Saved entries
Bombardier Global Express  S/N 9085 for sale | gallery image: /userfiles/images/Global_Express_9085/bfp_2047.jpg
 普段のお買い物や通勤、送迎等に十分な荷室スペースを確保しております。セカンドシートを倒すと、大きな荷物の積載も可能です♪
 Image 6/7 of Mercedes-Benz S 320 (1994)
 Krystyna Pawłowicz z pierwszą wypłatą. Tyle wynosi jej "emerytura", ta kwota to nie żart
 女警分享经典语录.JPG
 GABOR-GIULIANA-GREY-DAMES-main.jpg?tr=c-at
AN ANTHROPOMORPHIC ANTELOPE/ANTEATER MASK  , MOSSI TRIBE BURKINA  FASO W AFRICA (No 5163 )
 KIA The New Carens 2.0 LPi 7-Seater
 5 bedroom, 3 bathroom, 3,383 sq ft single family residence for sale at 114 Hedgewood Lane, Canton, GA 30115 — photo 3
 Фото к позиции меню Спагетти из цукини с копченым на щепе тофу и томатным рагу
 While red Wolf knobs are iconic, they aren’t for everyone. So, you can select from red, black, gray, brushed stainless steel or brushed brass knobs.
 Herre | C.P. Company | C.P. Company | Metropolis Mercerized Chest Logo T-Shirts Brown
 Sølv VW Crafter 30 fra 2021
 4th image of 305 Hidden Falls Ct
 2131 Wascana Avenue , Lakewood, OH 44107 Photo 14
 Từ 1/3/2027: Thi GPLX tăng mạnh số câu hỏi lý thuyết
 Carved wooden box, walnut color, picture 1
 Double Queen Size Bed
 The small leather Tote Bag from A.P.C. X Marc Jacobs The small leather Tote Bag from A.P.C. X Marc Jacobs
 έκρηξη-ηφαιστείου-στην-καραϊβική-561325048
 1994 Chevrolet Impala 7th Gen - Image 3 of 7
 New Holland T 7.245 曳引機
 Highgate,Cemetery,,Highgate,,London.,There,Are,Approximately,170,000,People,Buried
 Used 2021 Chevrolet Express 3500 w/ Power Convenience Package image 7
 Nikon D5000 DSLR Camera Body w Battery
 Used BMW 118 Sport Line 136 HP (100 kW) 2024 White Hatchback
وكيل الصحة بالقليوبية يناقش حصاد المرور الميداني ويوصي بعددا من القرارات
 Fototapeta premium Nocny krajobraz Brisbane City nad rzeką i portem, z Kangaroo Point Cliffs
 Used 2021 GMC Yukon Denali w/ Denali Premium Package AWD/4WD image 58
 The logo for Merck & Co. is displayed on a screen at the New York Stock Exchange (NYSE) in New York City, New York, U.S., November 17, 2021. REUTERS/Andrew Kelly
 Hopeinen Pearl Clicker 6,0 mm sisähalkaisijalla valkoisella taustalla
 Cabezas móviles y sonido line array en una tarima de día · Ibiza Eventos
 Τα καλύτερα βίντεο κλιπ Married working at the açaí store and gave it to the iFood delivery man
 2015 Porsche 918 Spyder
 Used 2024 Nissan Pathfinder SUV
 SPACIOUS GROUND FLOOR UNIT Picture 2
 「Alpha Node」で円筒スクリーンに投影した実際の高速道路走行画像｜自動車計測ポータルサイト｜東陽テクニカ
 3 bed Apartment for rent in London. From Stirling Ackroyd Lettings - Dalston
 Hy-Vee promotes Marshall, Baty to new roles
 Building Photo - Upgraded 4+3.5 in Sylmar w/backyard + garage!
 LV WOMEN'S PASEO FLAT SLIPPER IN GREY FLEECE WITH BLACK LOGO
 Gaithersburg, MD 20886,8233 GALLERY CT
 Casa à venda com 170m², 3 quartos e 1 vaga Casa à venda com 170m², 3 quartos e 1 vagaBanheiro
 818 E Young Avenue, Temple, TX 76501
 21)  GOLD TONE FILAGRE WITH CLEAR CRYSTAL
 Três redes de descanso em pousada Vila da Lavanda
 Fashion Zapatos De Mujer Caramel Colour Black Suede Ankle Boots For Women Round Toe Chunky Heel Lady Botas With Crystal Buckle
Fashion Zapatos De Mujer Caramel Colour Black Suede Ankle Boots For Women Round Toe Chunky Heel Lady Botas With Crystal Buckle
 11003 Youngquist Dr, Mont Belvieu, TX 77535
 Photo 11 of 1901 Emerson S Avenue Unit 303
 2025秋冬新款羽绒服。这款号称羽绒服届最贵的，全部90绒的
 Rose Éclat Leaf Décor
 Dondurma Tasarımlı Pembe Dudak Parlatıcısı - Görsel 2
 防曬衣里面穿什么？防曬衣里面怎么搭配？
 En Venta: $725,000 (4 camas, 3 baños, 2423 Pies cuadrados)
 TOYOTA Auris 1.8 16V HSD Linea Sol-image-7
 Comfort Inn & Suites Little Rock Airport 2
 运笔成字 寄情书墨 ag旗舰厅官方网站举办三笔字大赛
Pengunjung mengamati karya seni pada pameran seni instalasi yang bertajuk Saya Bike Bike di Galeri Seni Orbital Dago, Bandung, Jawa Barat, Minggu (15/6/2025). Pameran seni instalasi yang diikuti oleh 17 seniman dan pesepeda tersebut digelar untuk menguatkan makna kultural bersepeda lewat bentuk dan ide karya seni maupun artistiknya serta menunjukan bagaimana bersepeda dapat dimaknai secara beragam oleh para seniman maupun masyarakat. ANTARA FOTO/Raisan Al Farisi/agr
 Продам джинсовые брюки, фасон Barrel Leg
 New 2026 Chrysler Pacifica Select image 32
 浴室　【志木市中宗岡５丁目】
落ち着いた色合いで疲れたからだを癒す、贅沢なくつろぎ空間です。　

:: EXERCISE AIM ::
Scan the records above, then copy out each line that mentions "Caramel".

:: WRITTEN ANSWER ::
 Fashion Zapatos De Mujer Caramel Colour Black Suede Ankle Boots For Women Round Toe Chunky Heel Lady Botas With Crystal Buckle
Fashion Zapatos De Mujer Caramel Colour Black Suede Ankle Boots For Women Round Toe Chunky Heel Lady Botas With Crystal Buckle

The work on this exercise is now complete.